AVAILABLE DATA –
——
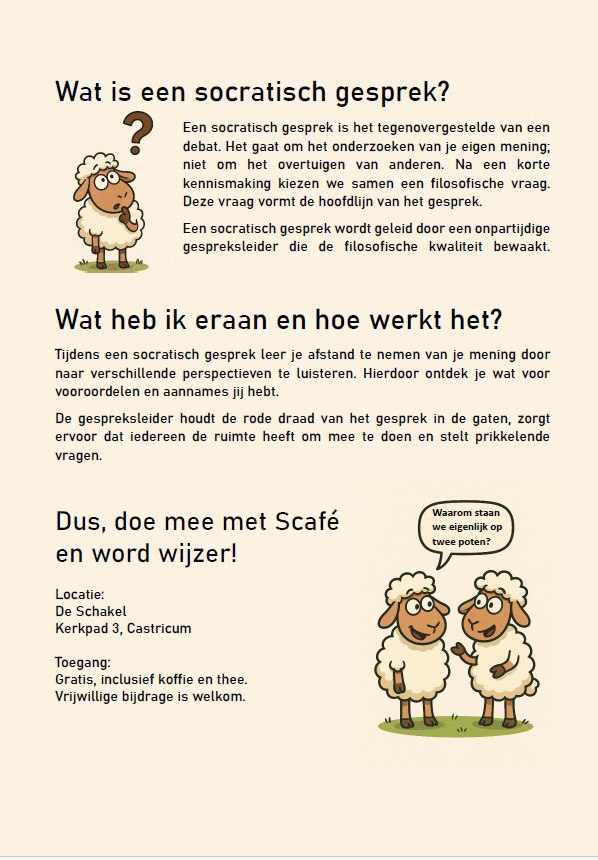 Tweede flyer van het Socratisch Café Castricum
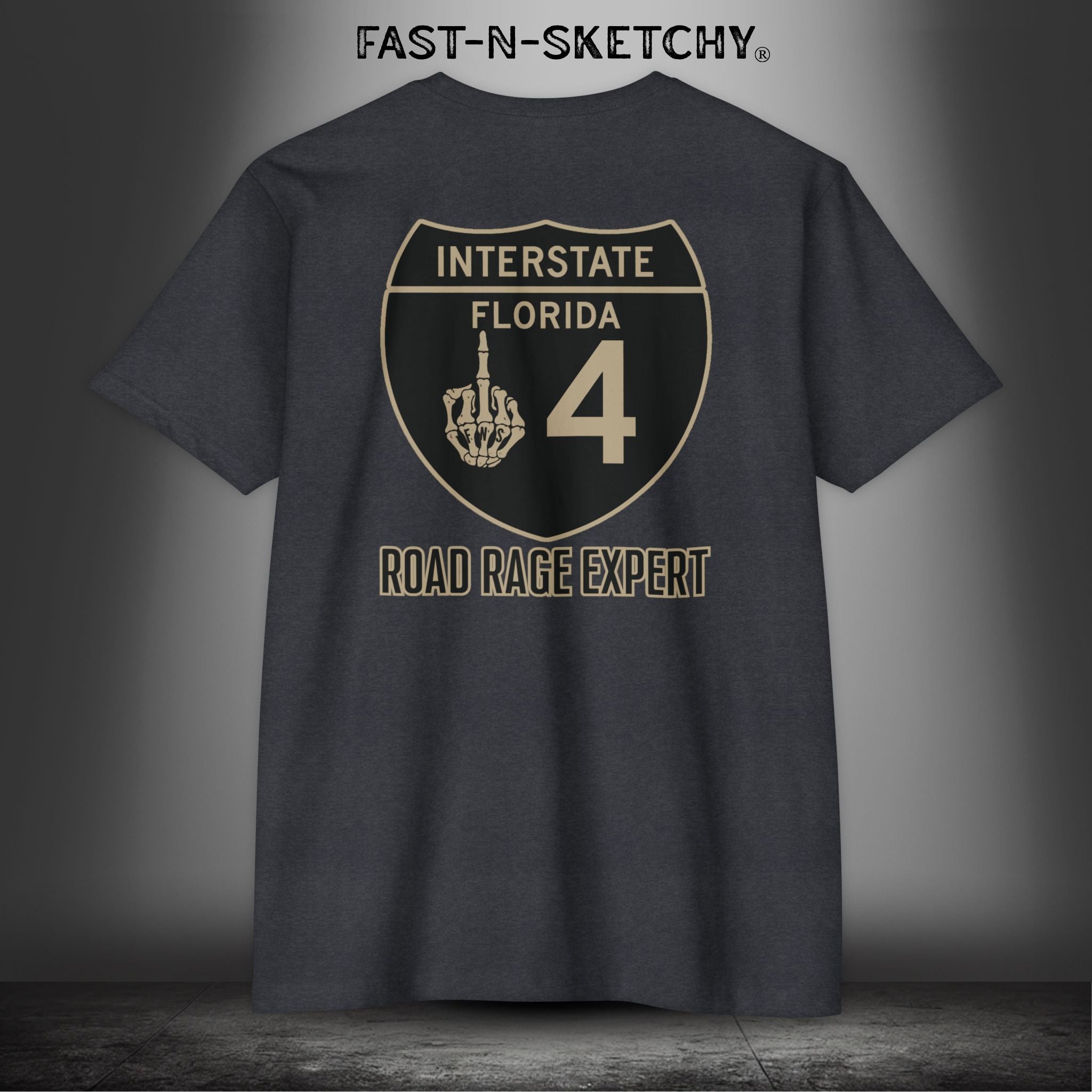 I-4 Road Rage Expert Florida (Black Sign) Premium Fitted Tee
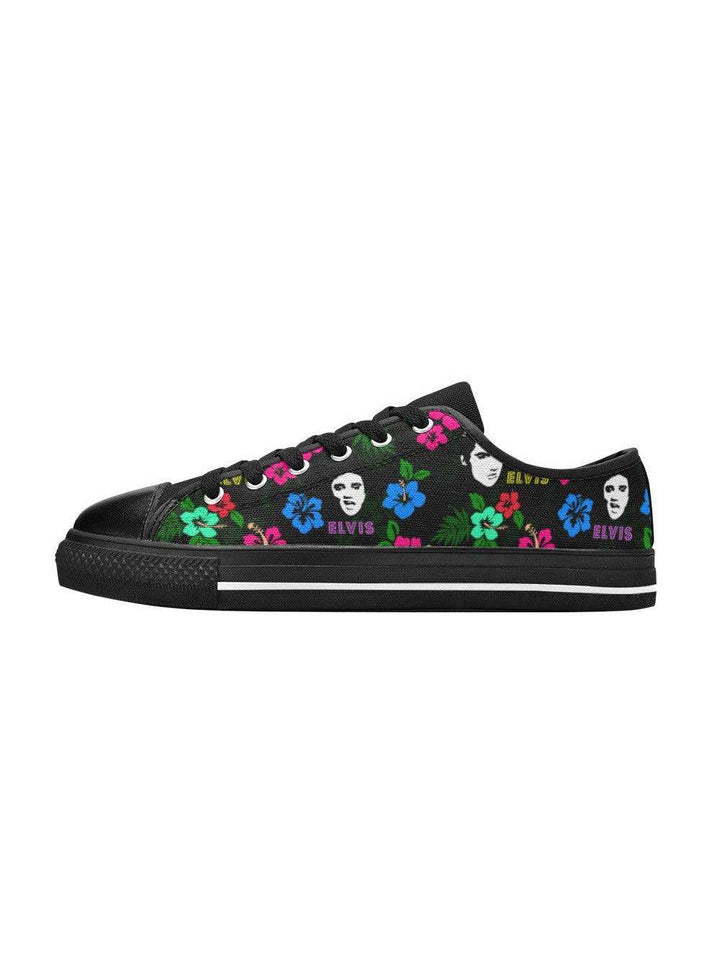 Hawaii Elvis Retro Style Womens Sneakers (Black Sole) - Poison Arrow Retro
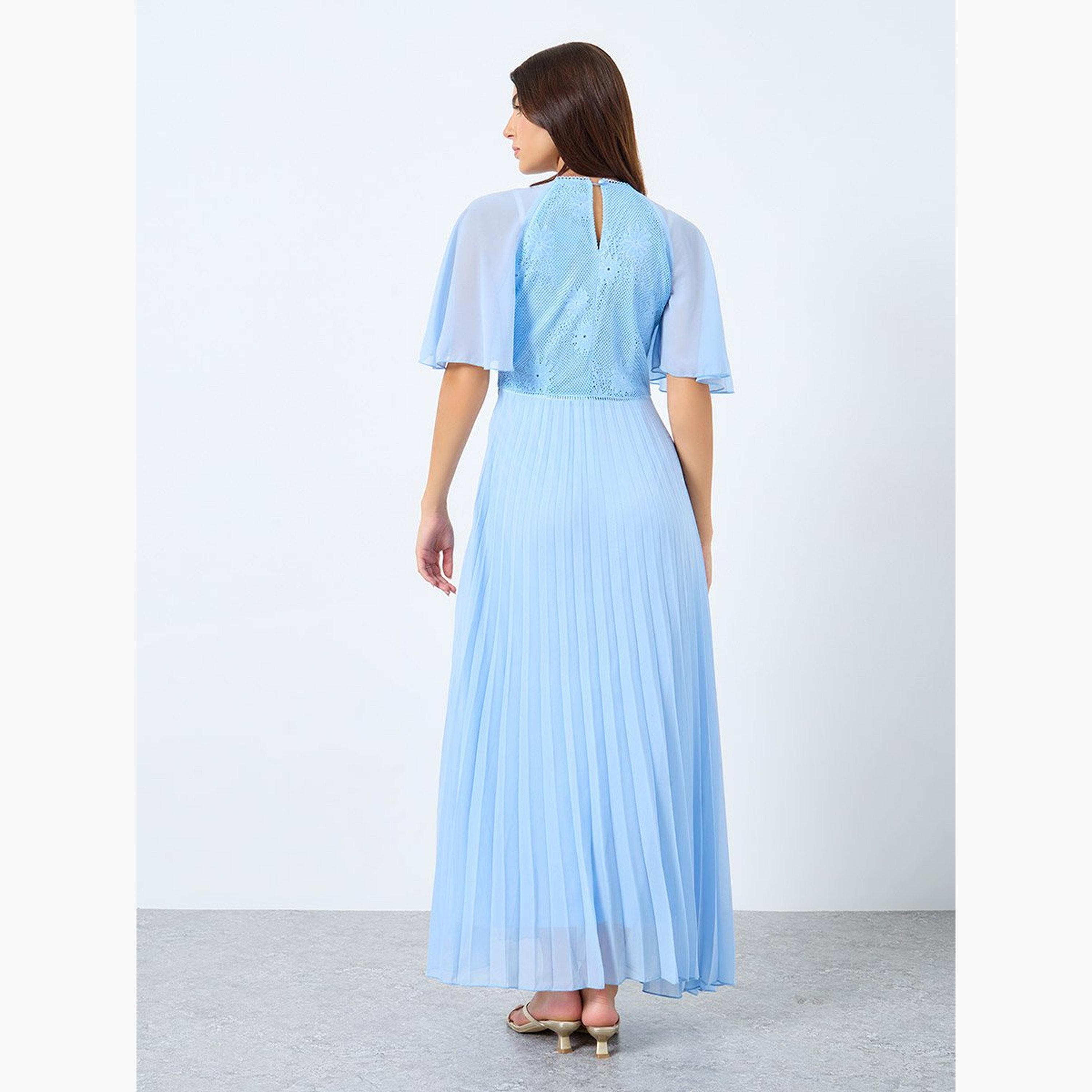 ستايلي - فستان ماكسي بأكمام قصيرة وثنيات قصة A-women-clothing-dresses-image-5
——
WHAT THE TASK REQUIRES –
From the line containing "Hawaii Elvis Retro" through the last line of the listing, inclusive, transcribe every line exactly and nothing else; the pictures stay out.

TASK SOLUTION –
 Hawaii Elvis Retro Style Womens Sneakers (Black Sole) - Poison Arrow Retro
 ستايلي - فستان ماكسي بأكمام قصيرة وثنيات قصة A-women-clothing-dresses-image-5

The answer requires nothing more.